RAW DATA:
________________________

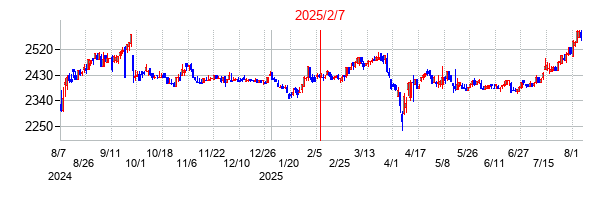 2025年2月7日決算発表前後のの株価の動き方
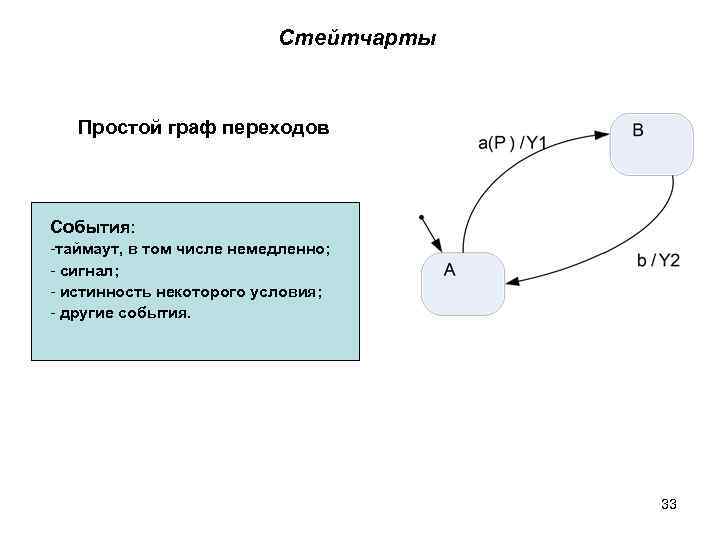 Стейтчарты Простой граф переходов События: -таймаут, в том числе немедленно; - сигнал; - истинность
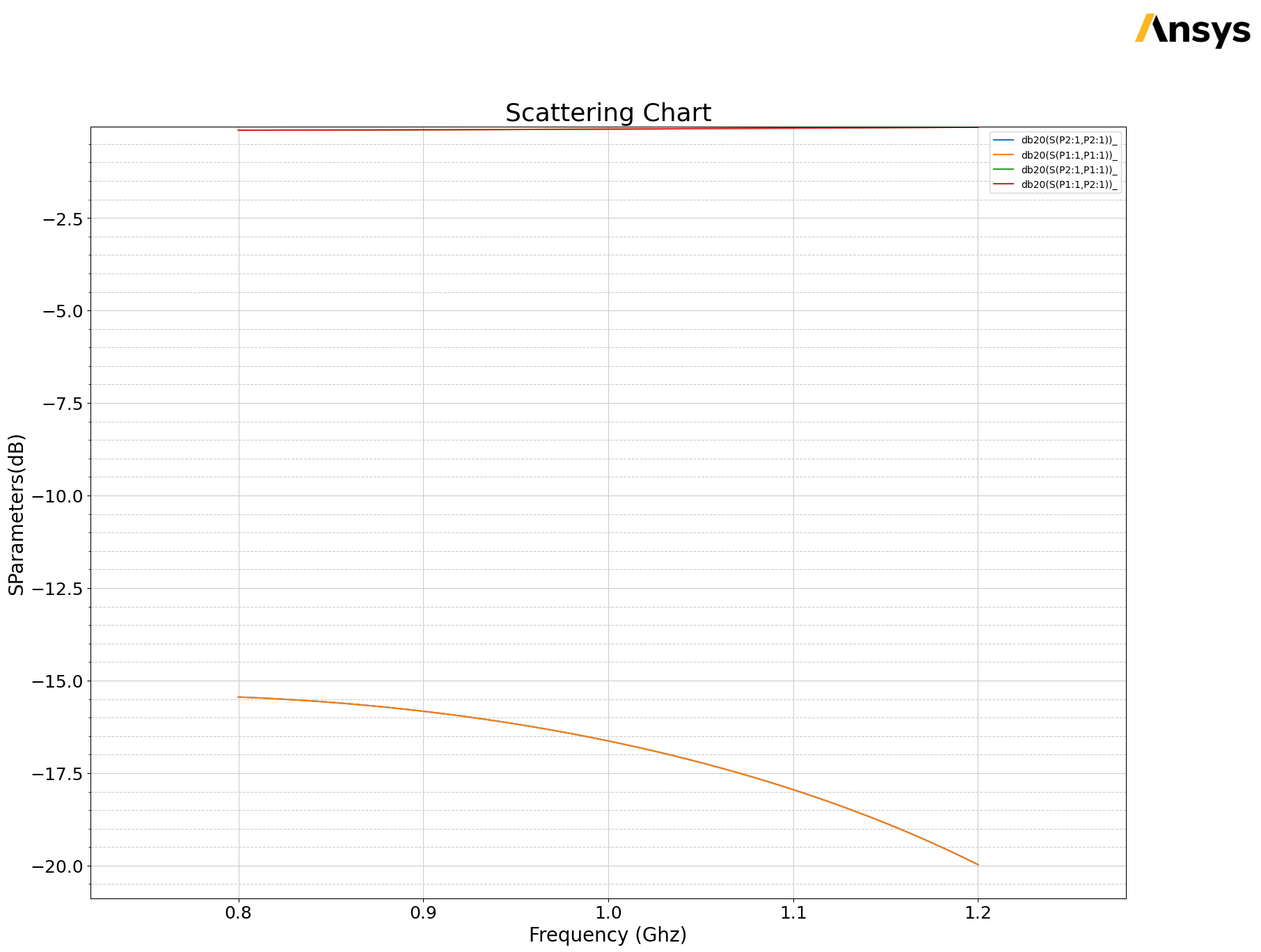 ../../_images/examples_electrothermal_coaxial_hfss_icepak_50_2.png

________________________

DESCRIPTION OF THE TASK:
Return the listing above verbatim and exclude every picture.

RESULT OF THE EXERCISE:
 2025年2月7日決算発表前後のの株価の動き方
 Стейтчарты Простой граф переходов События: -таймаут, в том числе немедленно; - сигнал; - истинность
 ../../_images/examples_electrothermal_coaxial_hfss_icepak_50_2.png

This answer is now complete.